TASK REQUIREMENTS »
Write out each record in full and exactly as given. Skip any pictures.

RECORDS PROVIDED »
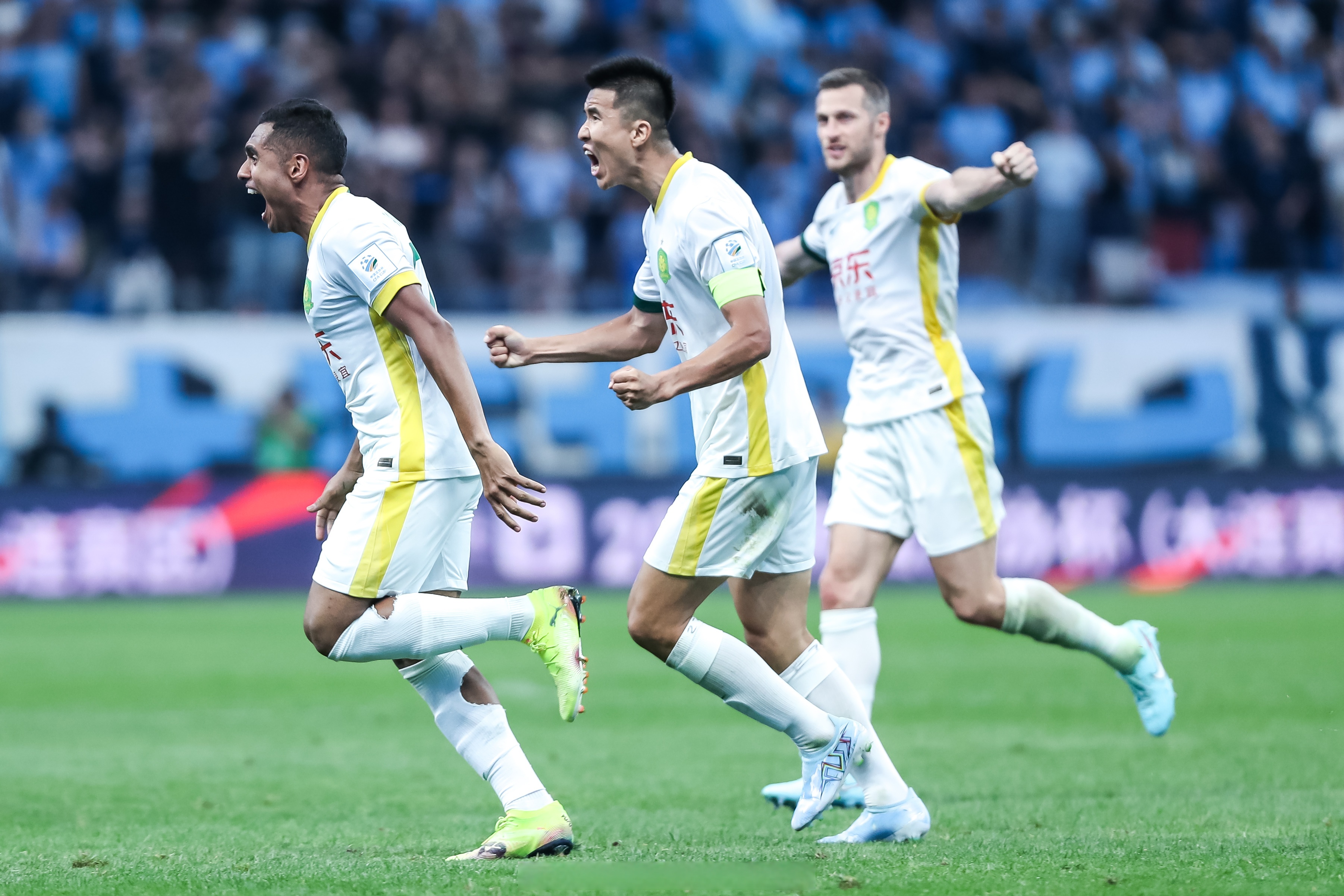 皇家马德里训练开放日，清晨止住颓势引欢呼，国王杯在即，心理建设被强调的简单介绍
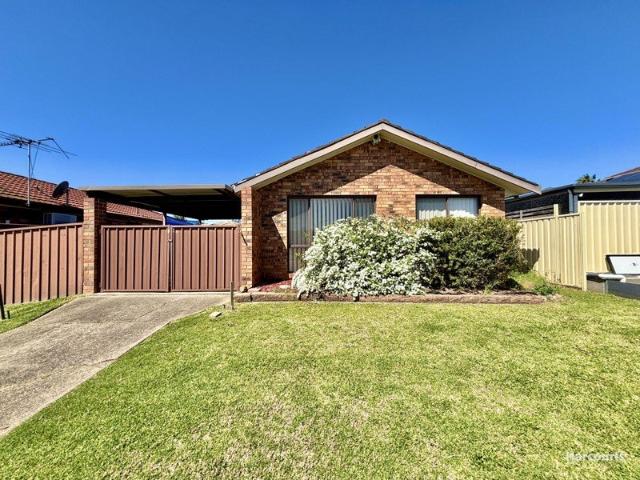House for rent in St Helens Park, Sydney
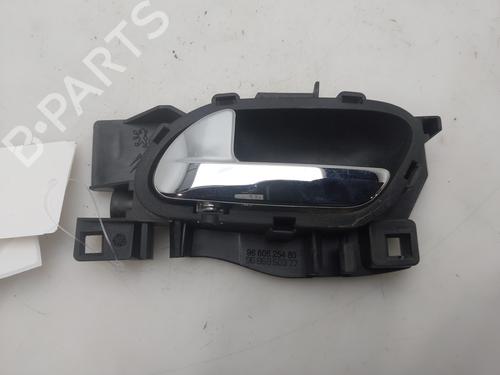 Used Front left interior door handle Front left interior door handle PEUGEOT 308 SW I (4E_, 4H_) 1.6 HDi (92 hp) 33219158 33219158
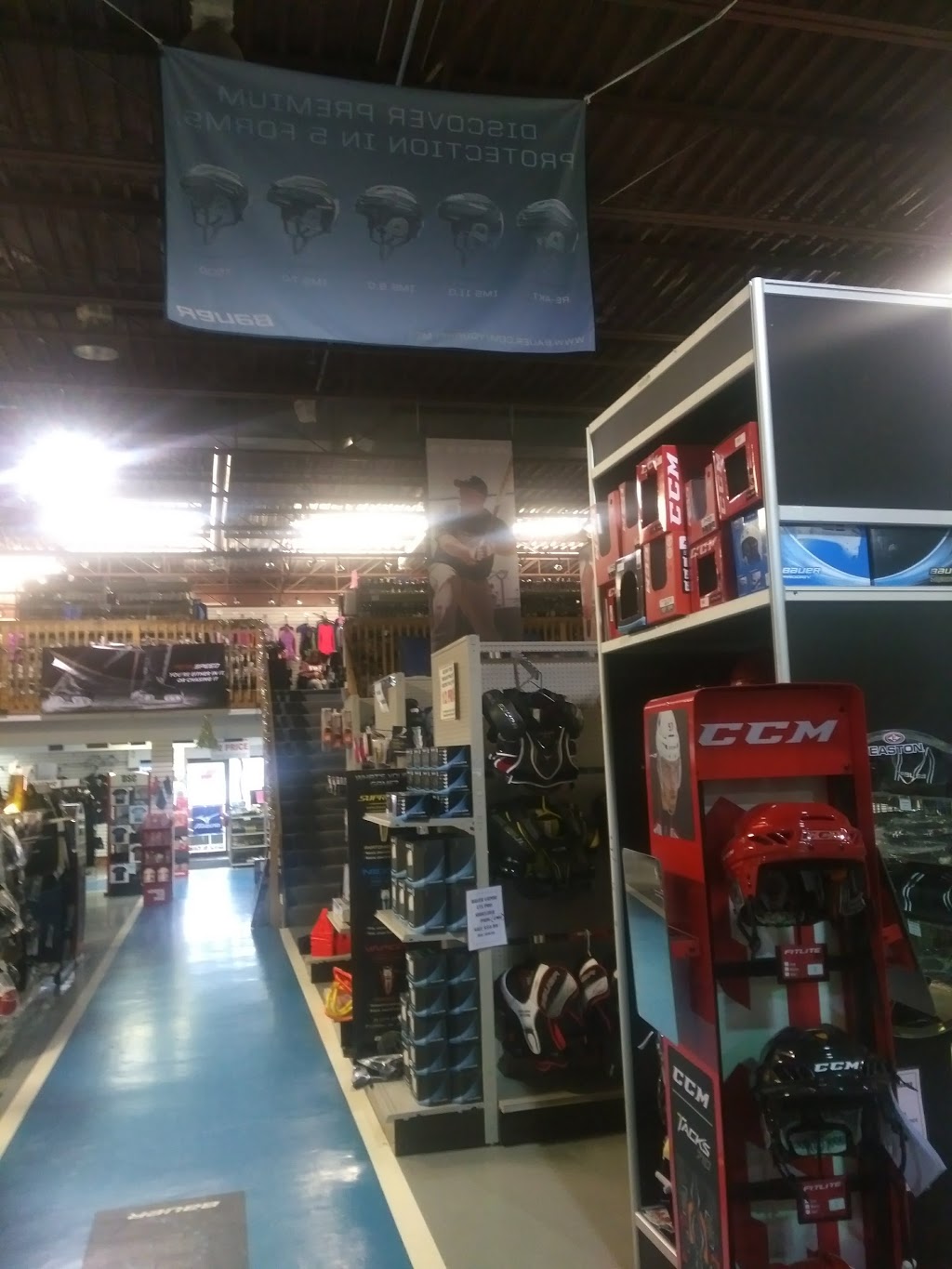 Sports Zone | 92 Lodge St, Waterloo, ON N2J 2V6, Canada | Phone: (888) 785-9818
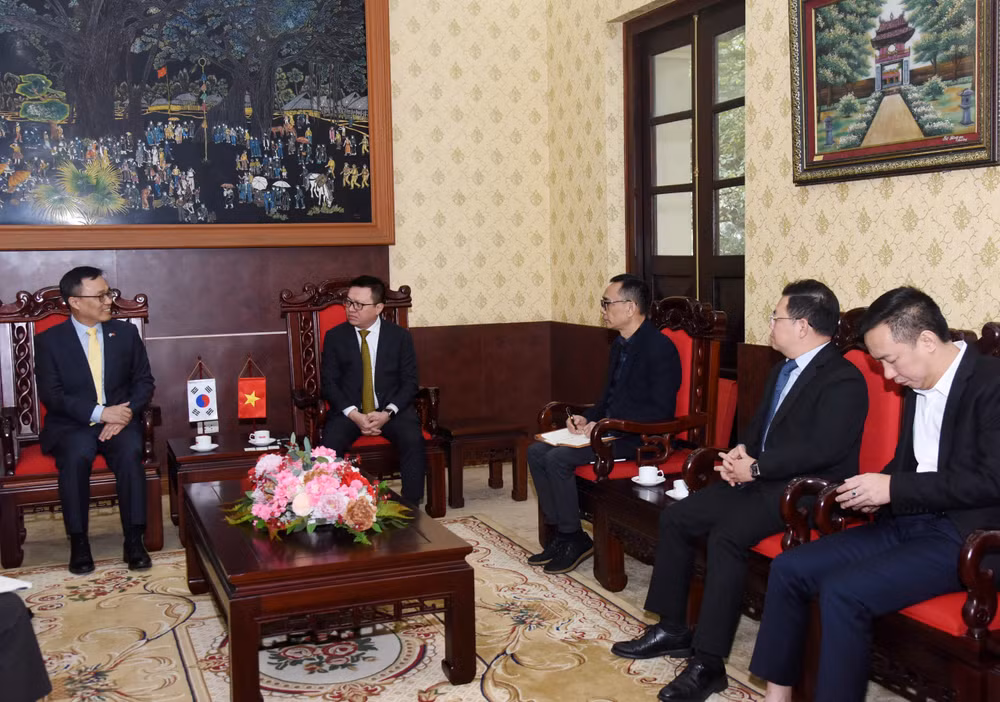 Tổng Biên tập Lê Quốc Minh phát biểu tại buổi tiếp. (Ảnh: TRẦN HẢI)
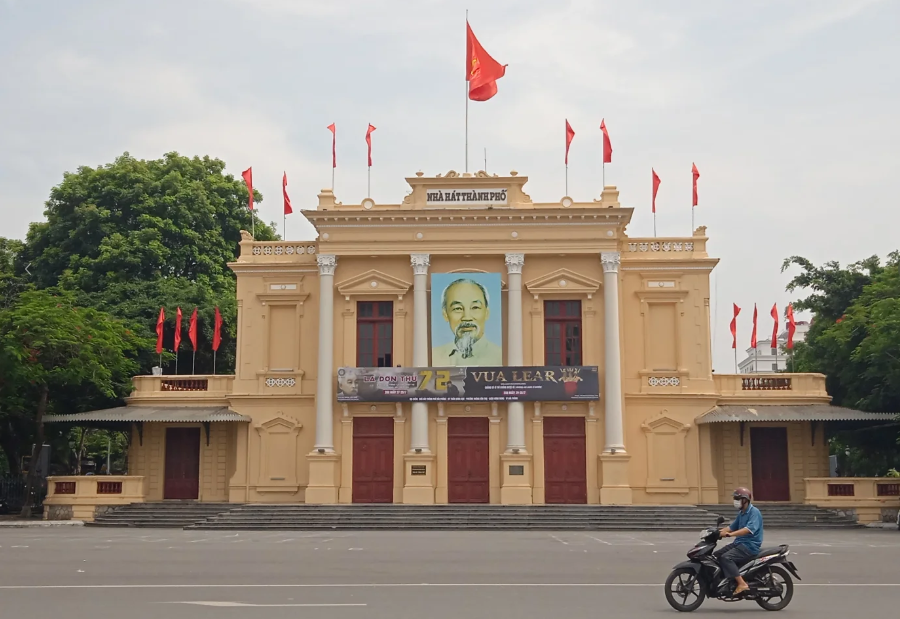 越南海防景点歌剧院.png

ANSWER TO THIS EXERCISE »
 皇家马德里训练开放日，清晨止住颓势引欢呼，国王杯在即，心理建设被强调的简单介绍
House for rent in St Helens Park, Sydney
 Used Front left interior door handle Front left interior door handle PEUGEOT 308 SW I (4E_, 4H_) 1.6 HDi (92 hp) 33219158 33219158
 Sports Zone | 92 Lodge St, Waterloo, ON N2J 2V6, Canada | Phone: (888) 785-9818
 Tổng Biên tập Lê Quốc Minh phát biểu tại buổi tiếp. (Ảnh: TRẦN HẢI)
 越南海防景点歌剧院.png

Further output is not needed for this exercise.